Burton did not answer.

"Because if you think any of them are possibilities, I suggest we start shopping a deal right now. Twenty-five in a state pen is a long time."

"She wanted it as much as I did," Burton said.

"You're lucky you're white," Craig said.

"Anyway, Walter Hopwell gave me the rope," Burton said.

They had him so doped up he couldn't even remember his own name, but oh how sweet was the release. One swift kick of the needle and all the throbbing pain in his thigh disappeared, and all at once he was floating far far away on clouds of sweet contentment, floating. He tried to remember how long he'd been a cop, but he couldn't even remember how he'd got shot tonight. Last night?

Two nights ago? What case had they been working? He tried to remember how many cases the Eight-Seven had worked over the years, but he couldn't even remember where the precinct was. He lay in his hospital bed smiling, trying to remember, conjuring victims and villains alike, cataloguing the cases by their key characteristics, then arranging them alphabetically to achieve some semblance of order, smiling as he worked it through, pleased with what a smart detective he was, even though he'd got himself shot—until he lost his place and had to start all over again. Well, okay, how many had there been? Ten, twenty? Who knows, he thought, easy come, easy go. Forty maybe? Who's counting? Who remembers, who even cares, I got shotl I deserve a medal or something just for being here. Two medals if I die.

I remember Marilyn Hollis.

I remember loving Marilyn Hollis. I remember poison, I remember those sons of bitches shooting the love of my life, killing Marilyn Hollis. If I should die here in this place in this minute in this bed . . .

There must be fifty at least, don't you think?

At least.

Let's dance, Marilyn.

Marilyn?

Would you care to dance?

May I have this last dance with you?

Bryan Shanahan, the detective who'd caught the Martha Coleridge murder downtown, could find no indication that anything had been stolen from the old lady's apartment. So he had to assume someone had broken in there looking for something to steal and—when he hadn't found anything—had turned on the old lady in rage. That sometimes happened. Not all your burglars were gents. Matter of fact, in Shanahan's experience, not any burglars were gents.

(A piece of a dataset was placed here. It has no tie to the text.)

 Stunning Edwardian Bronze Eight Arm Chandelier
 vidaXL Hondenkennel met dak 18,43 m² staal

He went back to the apartment that Wednesday afternoon without his partner, first of all because he didn' t want the burden of answering a rookie detective's interminable questions, and second because he thought better when he was alone. This wasn't what he would categorize as a difficult case, some junkie burglar breaking in and messing up. At the same time, it wasn't a simple one because the killer—whoever he was—hadn't left anything for them to go with. No latents, no stray fibers or hairs— which in any case wouldn't have done them any good unless they caught somebody to run comparisons on.

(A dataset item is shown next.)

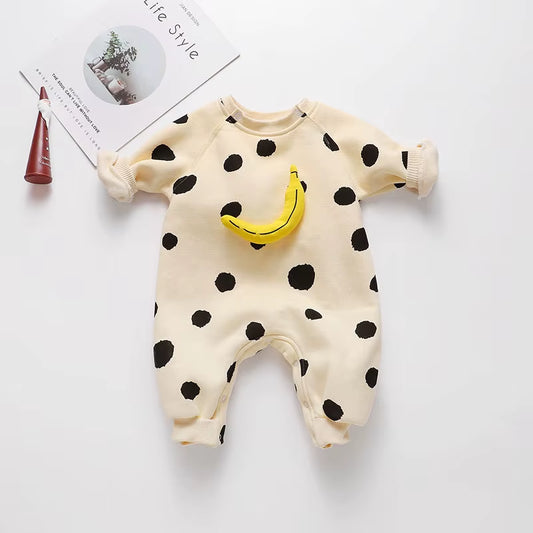 Banana Pop – Spring Cotton Romper for Babies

Maybe he went back alone because it annoyed him that somebody had killed a lady old enough to die without any outside help. Or maybe he went back alone because while he was reading Martha Coleridge's play he'd fallen half in love with the farm girl who'd migrated to America from England's East Midlands. Maybe her play had given him a little insight into age and aging, death and dying. Looking down at the fragile old lady with the broken neck, he'd never once considered that once, a long time ago, she might have been a spirited and beautiful nineteen-year-old who' d come to this city and discovered a world beyond her bedroom window. For a long time now, a corpse had been only a dead body to Bryan Shanahan. All at once, reading Martha's play, a corpse became a human being.

So he went through the apartment yet another time, alone this time, savoring his aloneness, searching for the young girl in the old lady's belongings, hunting for brown photographs or handkerchiefs lined with lace, mementos from Brighton or Battersea Park. On a shelf at the back of her closet, he found a satin-covered box that once might have contained sachets, the fabric faded and threadbare, the little knob on the lid dangerously loose to the touch. There were letters in the box, all tied with a faded red ribbon. He loosened the bow and began reading.

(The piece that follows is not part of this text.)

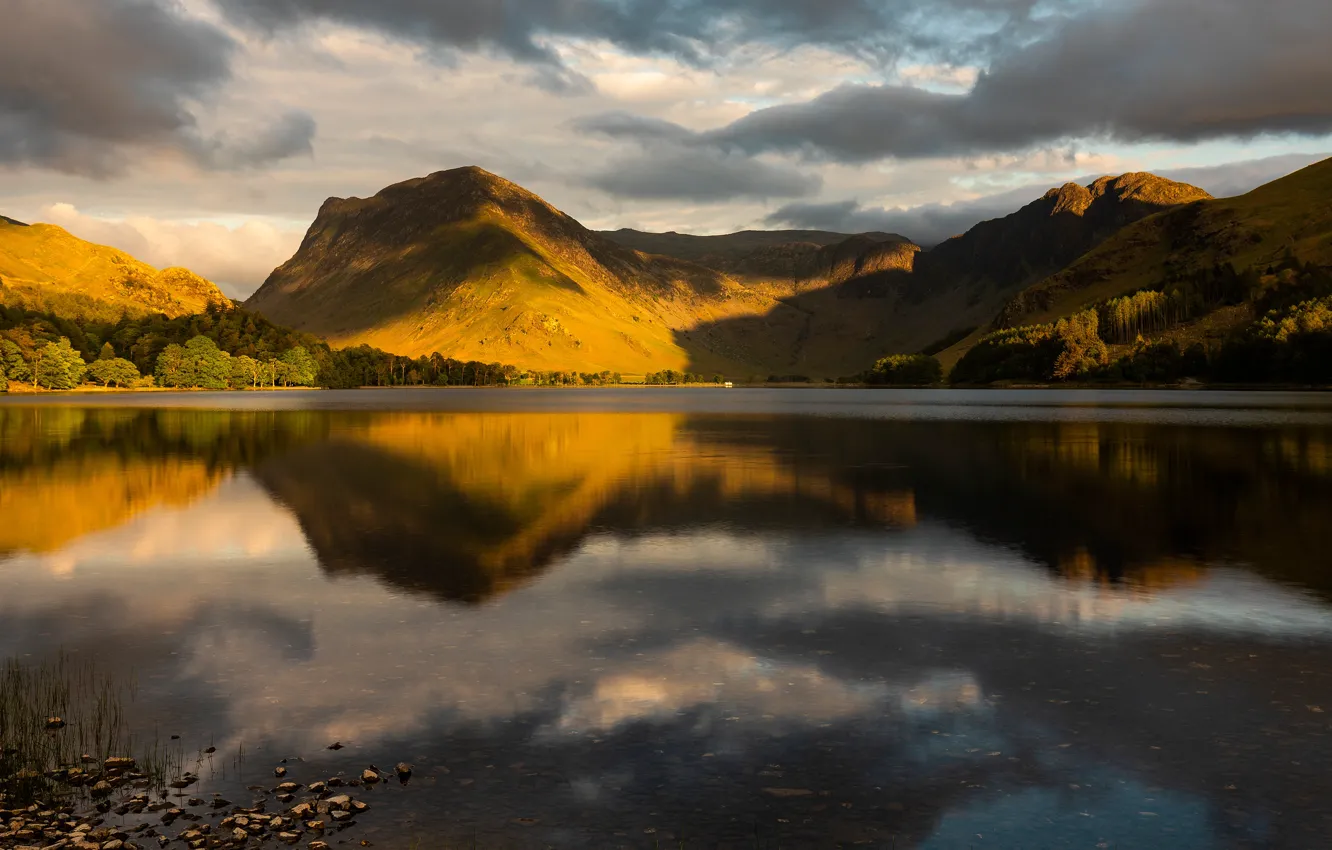 Photo wallpaper forest, the sky, clouds, light, mountains, lake, reflection, hills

The letters had been written by someone named Louis

Aronowitz. The ink had turned brown over the years, and the writing paper was brittle. Shanahan almost feared turning pages, lest they would snap as easily as had the old lady's neck. The letters had all been written in , two years after Louis returned to New York from the war, a year after Martha sailed from Southampton to America. The letters chronicled a love affair that started in April of that year and ended in December, just before Christmas. It was Martha who'd ended it. Quoting her in a letter dated December , Aronowitz wrote, "How can you say you see no future in a relationship between a Christian girl and a Jew? I love you! That is the future, my darling!" His last letter was written on New Year's Eve. It told her that he was going back to Berlin, where his parents had been born, and where "a Jew can call himself a Jew without fear of being judged different from any other man. I will love you always, my Martha. I will love you to my very death."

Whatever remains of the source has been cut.